9 of 10 people found the following review helpful
I thought I'd never say this about a Ben Bova book, but WOW! 17 May 2001
By HerOdyssey - Published on Amazon.com
Format:Hardcover
Yes, I've been forced to change my tone about the author of Jupiter because of this book. Normally, I spend my time rolling my eyes and groaning in disgust at the blatant chauvinism and unending technobabble of previous novels by Ben Bova. I'm a big Sci-fi fan, and no matter what everyone says, his books are formulaic by all standards.

HOWEVER... Jupiter is another story. I often call reading a new book by Ben Bova punishment, but this time I had to eat my words. I LOVED THIS BOOK!!! I thought it was the sort of sci-fi that I think should be done more often, where the reader is left with thoughts and questions and where their imaginations are challenged.

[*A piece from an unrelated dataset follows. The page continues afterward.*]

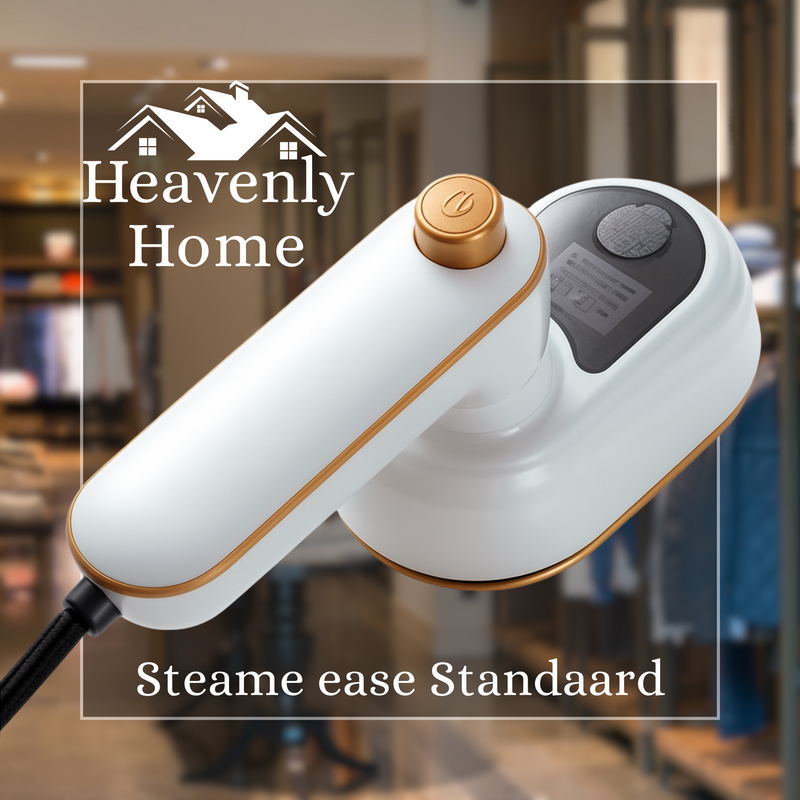 SteamEase – Het 2-in-1 stoom- & strijkwonder voor altijd kreukvrije kleding.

Without spoiling it, (although as I read through several of the other reviews, I shouldn't be too concerned about that since they've already spoiled part of it), I must state that my favourite character in this book, is Leviathan. I believe this story is a wonderful dance of two EXTREMELY DIFFERENT characters with almost everything else in common, a sense of wonder, exploration, defiance of rules, and most important, an insatiable curiosity and goodness.

As my friend said who also read this book... unlike most other alien encounter tales, this one allows for mutual ignorance and misunderstanding between human and alien, yet have a positive and fruitful encounter, without overdoing the whole 'first contact' concept, which is often indeed abused by other authors.

Ben Bova -- My personal message to you is, KEEP THIS UP. I loved Sheena, the dolphins, Dr. Wo, the whole thing from beginning to end, and you even gave the whole chauvinistic thing a bit of a rest (even tho occasional yet acceptable levels of it appeared on occasion to remind us this was indeed Ben Bova writing this novel)!

To other readers: His previous fans might find this book annoying, which is fine. To anyone else who may enjoy a flight of imagination, read Jupiter.